Zaffron – Em tempos difíceis, RH e outras áreas devem deixar a conversa fluir. É preciso contar o que está realmente acontecendo. Nos cases em que trabalhamos, é impressionante como as pessoas querem ter contato com a realidade e querem lidar com ela. A partir do momento em que as lideranças abrem espaço e convidam à participação, os profissionais agarram as oportunidades, passam a ser mais criativos. A Toyota criou um encontro diário para que cada um simplesmente contasse o que aprendeu no dia anterior, para que compartilhasse conhecimento. E isso faz com que o trabalho na fábrica seja muito mais produtivo. As pessoas precisam dividir o ato de pensar com todos os níveis da organização. Falo de diálogos diretos, sistemas de conversação. Em uma empresa com a qual trabalhamos no Peru, por exemplo, as conversas envolviam todos os níveis, inclusive os funcionários que pertenciam a castas distintas – como há na Índia. E os gestores ficaram impressionados como eles agarraram a oportunidade, discutiram ideias e encontraram novas soluções para situações e problemas.

MELHOR – Podemos usar a tecnologia nesse processo?
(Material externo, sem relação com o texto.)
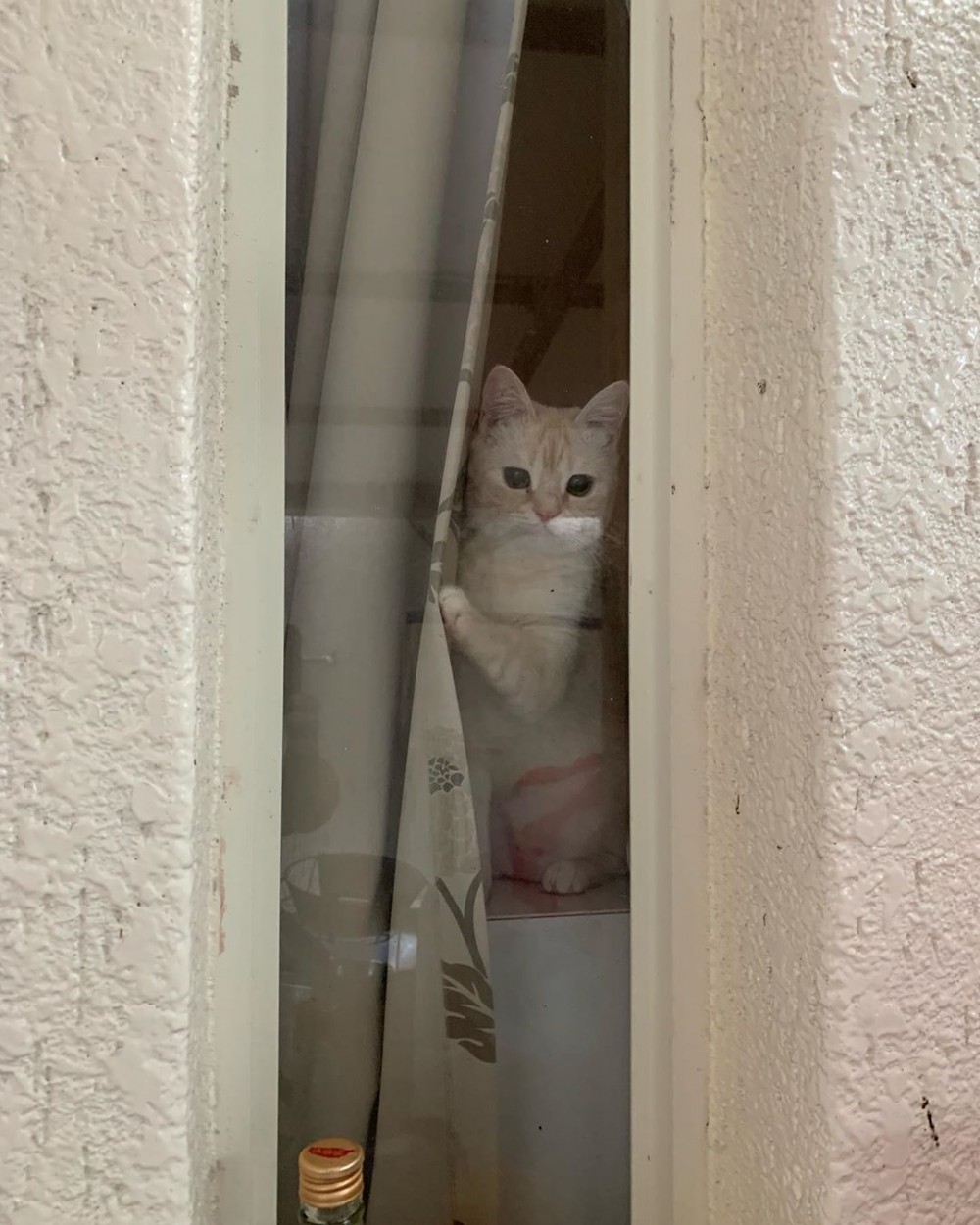 IG/mtc_lulu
Zaffron – Sistemas de informação e computadores certamente têm o seu papel, mas no contexto das três leis, o uso pode ser diferente. Com os indivíduos de fato participando – por meio de uma poderosa rede de conversas – do que está acontecendo na empresa, o nível de empowerment é crescente e os mecanismos e processos que antes geravam apenas pálidas soluções e opiniões descompromissadas passam a gerar novos
patamares de participação e, portanto, de resolução.
 
MELHOR – Essa mudança a partir das três leis depende exclusivamente da diretoria para ser efetivada?
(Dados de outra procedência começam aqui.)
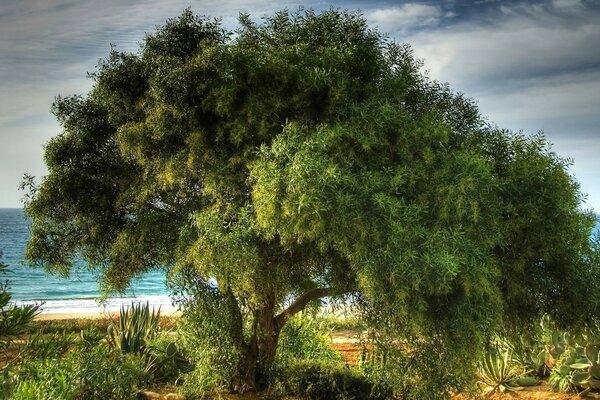 Coniferous tree on the background of a beautiful reservoir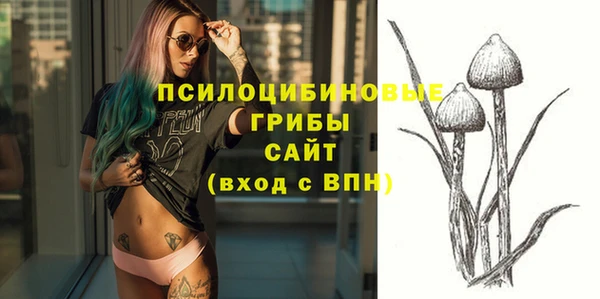 кокс Бородино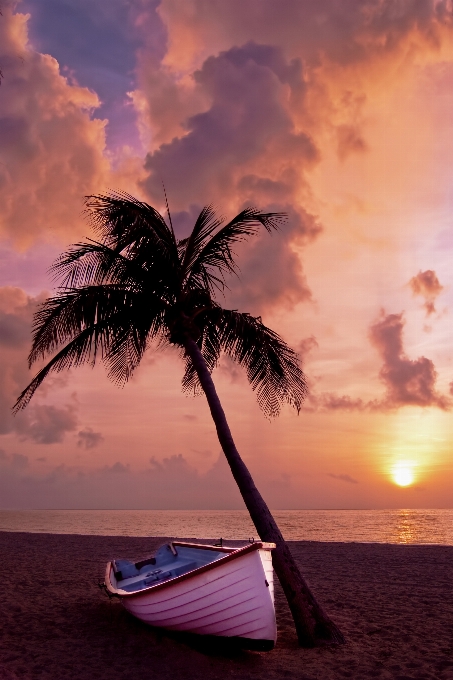 Spiaggia mare albero sabbia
Zaffron – A qualquer momento um profissional pode provocar uma transformação e fazer com que se espalhe pela organização. Há uma grande confusão hoje entre autoridade e liderança. Você precisa saber falar e, principalmente, saber ouvir para ser líder. A liderança é um estado da mente e não uma posição na hierarquia. O profissional pode começar e ser o catalisador da transformação no ambiente no qual ele desenvolve suas habilidades. Em uma das empresas com as quais trabalhamos, um profissional simplesmente foi ao chefe e disse: “Quero conversar com você sobre o projeto X”.  A intenção era falar sobre um projeto que, da forma como estava sendo conduzido, ia ser entregue com atraso. A liderança concordou e perguntou se o profissional sabia o que fazer. Ele disse que não, mas que tinha algumas ideias. A partir daí, a conversa se estabeleceu, houve maior envolvimento de todos e o projeto não atrasou. Quem deu autoridade a ele? Aliás, quem deu autoridade a Mahatma Gandhi?
 
MELHOR – Tendo em vista sua experiência com empresas brasileiras, o senhor acredita que os brasileiros, por serem mais abertos a relacionar-se, têm mais facilidade em usar
as três leis?
Zaffron – Há diferenças entre países. Podemos dizer que há países, como os da Europa, nos quais a cultura busca principalmente uma abordagem de processo. O Brasil, por outro lado, é mais sensível ao fator humano, valoriza-o. Ou seja, há uma tendência a apreciar o fato de que as pessoas são um fator importante. Nesse contexto, as três leis contribuem de forma ainda mais rápida.